Plus our cook’s notes and privacy notice.
Measures & equipment
• All cup and spoon measures are level and based on Australian metric measures.
• Eggs have an average weight of
59gm unless otherwise specified.
• Fruit and vegetables are washed, peeled and medium-sized unless otherwise specified.
• Oven temperatures are for conventional ovens and need to be adjusted for fan-forced ovens.
• Pans are medium-sized and heavy-based; cake tins are stainless steel, unless otherwise specified.
• When seasoning food to taste, we use sea salt and freshly ground pepper unless otherwise specified.
• To blanch an ingredient, cook it briefly in boiling water, then drain it. To refresh it, plunge it in plenty of iced water (this stops the cooking process), then drain it.
• We recommend using free-range eggs, chicken and pork. We use female pork for preference.
• To dry-roast spices, cook the spices in a dry pan, stirring continuously over medium-high heat until they’re fragrant. The cooking time varies depending on the spices used.
• RSPCA Australia’s recommendations for killing crustaceans humanely are to first render the animals insensible by placing them in the freezer (under
4°C – signs of insensibility are when the tail or outer mouth parts can be moved without resistance); crustaceans must then be killed quickly by cutting through the centreline of the head and thorax with a knife. For crabs, insert a knife into the head. This splitting and spiking destroys the nerve centres of the animal.
• All herbs are fresh, and both leaves and tender stems are used, unless otherwise specified. • Non-reactive bowls are made from glass, ceramic or plastic. Use them in preference to metal bowls when marinating to prevent the acid in marinades reacting with metal and imparting a metallic taste.
• Eggwash is lightly beaten egg unless otherwise specified, used for glazing or sealing.
• Sugar syrup is made of equal parts caster sugar and water, unless otherwise specified. Bring the mixture to the boil to dissolve the sugar, remove it from the heat and cool it before use.
• Acidulated water is a mixture of water and lemon juice; it prevents discolouration.
• To sterilise jars and lids, run them through the hot rinse cycle in a dishwasher, or wash them in hot soapy water, rinse well, place on a tray in a cold oven and heat at 120°C for 30 minutes.
• To blind bake, line a pastry-lined tart tin with baking paper, then fill it with weights (ceramic weights, rice and dried beans work best).

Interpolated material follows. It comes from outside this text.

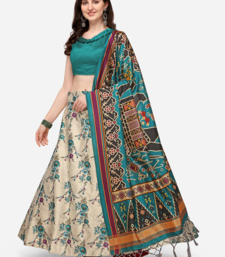 Off-White Semi-Stitched Lehenga Choli Set With DUpatta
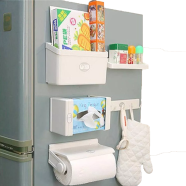 5 in 1 Multifunctional Refrigerator rack Kitchen paper towel rack roll Paper rack Preservation film storage rack magnet side wall hanging shelf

• To test whether marmalade, jam or jelly is at setting point, you’ll need a chilled saucer (place a couple in the freezer before you start cooking). Remove the pan from the heat, spoon a little mixture onto the saucer and return it to the freezer for 30 seconds, then draw your finger through the mixture – it should leave a trail, indicating that the mixture has reached setting point. If not, cook for another few minutes before testing again. If you prefer, use a sugar thermometer to measure when the mixture reaches 105°C; once it does, start testing for the setting point. • To clarify butter, cook it over low heat until the fat and the milk solids separate. Strain off the clear butter and discard the milk solids. You will lose about 20 per cent of the volume in milk solids.